## Proof of Correctness

Loop invariants help us understand why an algorithm is correct. When you’re
using a loop invariant, you need to show three things:

* **Initialization:** It is true prior to the ûrst iteration of the loop.
* **Maintenance:** If it is true before an iteration of the loop, it remains true before the next iteration.
* **Termination:** The loop terminates, and when it terminates, the invariant usually along with the reason that the loop terminated gives us a useful property that helps show that the algorithm is correct.

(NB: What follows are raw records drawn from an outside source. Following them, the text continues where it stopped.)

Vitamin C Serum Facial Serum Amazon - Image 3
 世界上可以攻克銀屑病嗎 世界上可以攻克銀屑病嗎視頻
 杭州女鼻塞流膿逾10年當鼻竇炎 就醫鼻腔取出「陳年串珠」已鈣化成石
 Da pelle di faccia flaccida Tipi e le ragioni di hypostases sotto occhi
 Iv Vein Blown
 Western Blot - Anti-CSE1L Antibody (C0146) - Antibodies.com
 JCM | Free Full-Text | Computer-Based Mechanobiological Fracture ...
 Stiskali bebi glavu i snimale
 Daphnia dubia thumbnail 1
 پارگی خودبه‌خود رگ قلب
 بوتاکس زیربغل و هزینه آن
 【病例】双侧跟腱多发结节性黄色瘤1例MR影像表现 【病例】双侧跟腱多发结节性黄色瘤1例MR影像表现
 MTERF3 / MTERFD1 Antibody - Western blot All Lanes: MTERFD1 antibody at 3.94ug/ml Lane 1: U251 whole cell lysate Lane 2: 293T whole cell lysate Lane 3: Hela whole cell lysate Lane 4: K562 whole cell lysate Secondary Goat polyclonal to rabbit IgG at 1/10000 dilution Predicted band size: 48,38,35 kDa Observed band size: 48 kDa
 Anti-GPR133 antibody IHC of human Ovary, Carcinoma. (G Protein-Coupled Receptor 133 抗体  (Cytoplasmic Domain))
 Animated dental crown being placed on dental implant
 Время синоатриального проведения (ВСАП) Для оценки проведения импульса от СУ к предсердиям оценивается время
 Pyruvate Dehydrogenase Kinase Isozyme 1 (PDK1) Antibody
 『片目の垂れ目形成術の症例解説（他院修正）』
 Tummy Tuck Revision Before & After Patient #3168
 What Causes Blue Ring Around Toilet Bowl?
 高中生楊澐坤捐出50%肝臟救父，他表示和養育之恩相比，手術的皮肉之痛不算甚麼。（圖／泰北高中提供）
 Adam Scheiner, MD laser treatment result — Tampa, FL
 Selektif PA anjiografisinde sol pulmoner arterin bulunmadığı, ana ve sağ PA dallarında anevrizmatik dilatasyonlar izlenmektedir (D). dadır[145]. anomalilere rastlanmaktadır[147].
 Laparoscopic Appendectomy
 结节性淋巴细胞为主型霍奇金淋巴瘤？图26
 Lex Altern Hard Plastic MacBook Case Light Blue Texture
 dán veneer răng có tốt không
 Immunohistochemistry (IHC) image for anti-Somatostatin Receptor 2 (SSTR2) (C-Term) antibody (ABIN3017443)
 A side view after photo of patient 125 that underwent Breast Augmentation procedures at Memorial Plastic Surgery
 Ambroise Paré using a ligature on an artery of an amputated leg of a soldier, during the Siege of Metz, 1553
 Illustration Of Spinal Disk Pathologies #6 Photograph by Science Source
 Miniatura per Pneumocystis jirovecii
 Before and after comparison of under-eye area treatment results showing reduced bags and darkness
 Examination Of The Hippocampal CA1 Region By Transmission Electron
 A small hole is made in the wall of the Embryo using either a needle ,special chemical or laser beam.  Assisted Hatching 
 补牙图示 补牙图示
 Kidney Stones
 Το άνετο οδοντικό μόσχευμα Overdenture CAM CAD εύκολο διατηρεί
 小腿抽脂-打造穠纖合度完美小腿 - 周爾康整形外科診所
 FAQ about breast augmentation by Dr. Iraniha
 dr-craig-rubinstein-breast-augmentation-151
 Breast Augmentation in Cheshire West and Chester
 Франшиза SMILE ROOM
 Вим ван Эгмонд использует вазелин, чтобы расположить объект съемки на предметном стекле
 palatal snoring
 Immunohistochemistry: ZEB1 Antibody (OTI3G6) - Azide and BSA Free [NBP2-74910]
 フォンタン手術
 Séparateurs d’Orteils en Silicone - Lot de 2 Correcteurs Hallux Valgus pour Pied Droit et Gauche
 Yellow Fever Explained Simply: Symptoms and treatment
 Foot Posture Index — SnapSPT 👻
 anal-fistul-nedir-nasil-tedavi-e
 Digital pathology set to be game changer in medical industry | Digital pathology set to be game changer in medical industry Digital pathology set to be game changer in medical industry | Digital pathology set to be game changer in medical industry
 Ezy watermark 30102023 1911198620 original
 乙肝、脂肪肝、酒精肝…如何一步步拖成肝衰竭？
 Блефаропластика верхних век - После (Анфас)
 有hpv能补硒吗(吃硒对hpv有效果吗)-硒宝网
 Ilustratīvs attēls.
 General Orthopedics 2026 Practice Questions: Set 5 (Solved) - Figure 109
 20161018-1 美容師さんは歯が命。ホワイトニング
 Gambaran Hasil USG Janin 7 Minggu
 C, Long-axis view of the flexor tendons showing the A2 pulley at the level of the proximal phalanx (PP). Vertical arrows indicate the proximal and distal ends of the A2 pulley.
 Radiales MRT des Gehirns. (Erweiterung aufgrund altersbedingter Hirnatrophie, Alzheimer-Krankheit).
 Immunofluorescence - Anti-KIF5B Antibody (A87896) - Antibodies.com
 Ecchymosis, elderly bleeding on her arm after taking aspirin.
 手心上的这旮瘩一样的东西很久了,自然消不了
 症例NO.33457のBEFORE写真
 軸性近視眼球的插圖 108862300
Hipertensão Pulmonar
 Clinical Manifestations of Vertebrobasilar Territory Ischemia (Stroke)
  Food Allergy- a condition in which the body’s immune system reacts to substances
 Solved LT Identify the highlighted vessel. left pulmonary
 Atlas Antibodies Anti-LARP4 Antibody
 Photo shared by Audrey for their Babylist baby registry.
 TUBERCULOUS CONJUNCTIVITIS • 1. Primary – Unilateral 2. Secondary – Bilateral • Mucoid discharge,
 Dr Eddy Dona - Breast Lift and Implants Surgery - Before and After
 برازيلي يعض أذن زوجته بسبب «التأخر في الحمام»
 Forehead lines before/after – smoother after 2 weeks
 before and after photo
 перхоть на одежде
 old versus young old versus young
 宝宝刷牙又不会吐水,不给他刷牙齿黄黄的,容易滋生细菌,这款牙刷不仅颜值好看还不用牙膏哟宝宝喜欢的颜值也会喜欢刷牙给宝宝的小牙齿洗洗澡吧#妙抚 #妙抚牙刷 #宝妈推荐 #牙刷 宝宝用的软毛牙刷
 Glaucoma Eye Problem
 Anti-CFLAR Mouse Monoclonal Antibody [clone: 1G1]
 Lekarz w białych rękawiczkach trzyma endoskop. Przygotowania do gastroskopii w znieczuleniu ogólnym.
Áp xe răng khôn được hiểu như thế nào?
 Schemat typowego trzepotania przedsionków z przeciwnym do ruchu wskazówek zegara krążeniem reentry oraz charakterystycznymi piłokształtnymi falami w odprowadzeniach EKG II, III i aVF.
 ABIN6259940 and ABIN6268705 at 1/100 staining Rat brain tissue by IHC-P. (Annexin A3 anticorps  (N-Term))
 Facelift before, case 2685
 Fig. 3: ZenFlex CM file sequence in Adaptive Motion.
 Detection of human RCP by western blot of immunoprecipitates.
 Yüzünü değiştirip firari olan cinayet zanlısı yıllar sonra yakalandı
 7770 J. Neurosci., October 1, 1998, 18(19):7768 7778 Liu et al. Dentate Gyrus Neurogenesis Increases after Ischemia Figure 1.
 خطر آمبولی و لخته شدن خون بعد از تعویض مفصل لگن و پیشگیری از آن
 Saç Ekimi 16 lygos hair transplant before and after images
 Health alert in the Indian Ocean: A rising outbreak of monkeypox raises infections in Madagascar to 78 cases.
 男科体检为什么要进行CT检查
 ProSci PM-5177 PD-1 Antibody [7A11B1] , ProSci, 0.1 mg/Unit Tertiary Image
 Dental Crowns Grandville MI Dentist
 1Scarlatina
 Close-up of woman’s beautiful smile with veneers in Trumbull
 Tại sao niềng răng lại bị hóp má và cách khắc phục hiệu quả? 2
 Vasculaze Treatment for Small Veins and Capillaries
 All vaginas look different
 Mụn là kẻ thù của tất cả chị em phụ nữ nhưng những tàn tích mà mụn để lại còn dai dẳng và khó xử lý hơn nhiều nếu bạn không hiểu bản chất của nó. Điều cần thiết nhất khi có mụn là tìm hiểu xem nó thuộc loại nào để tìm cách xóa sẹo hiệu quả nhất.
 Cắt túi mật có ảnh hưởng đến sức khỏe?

### e.g. proof for insertion sort

1. **Final Invariant** - Elements $S[:j]$ are sorted before the $j$-th iteration
2. **Initialisation** - True for $j=1$ as a single item list is sorted
3. **Maintenance**- True for $j=k$, show must be true for $j=k+1$. Informally the while loop works by shifting items up the sorted list until the correct spot is found, hence $S[:k+1]$ is sorted.
4. **Termination** - At for loop end we have $j=n$ such that $S[:n]$ must be sorted


![image.png](../media/isortpsuedo.png)

## Recursion Relations for Div & Conc.

*For _Merge-Sort_**

**Unifying Constants:**

$T(n) \big\vert_{n=1} = c\;$, $\;\;T(n) \big\vert_{n>1} = 2T(\lfloor n/2 \rfloor) + cn + c$

**Asymptotic Notation:**

$T(n) \big\vert_{n=1} = \Theta(1)\;$, $\;\;T(n) \big\vert_{n>1} = 2T(\lfloor n/2 \rfloor) + \Theta(n)$


### Solving with the substitution method

1. Make a good guess for the form of the solution (e.g. $T(n) = O(n)$)
2. Use mathematical induction to find constants and show solution is valid

To apply the inductive hypothesis, you substitute the guessed solution for the function on smaller values, hence the name "substitution method".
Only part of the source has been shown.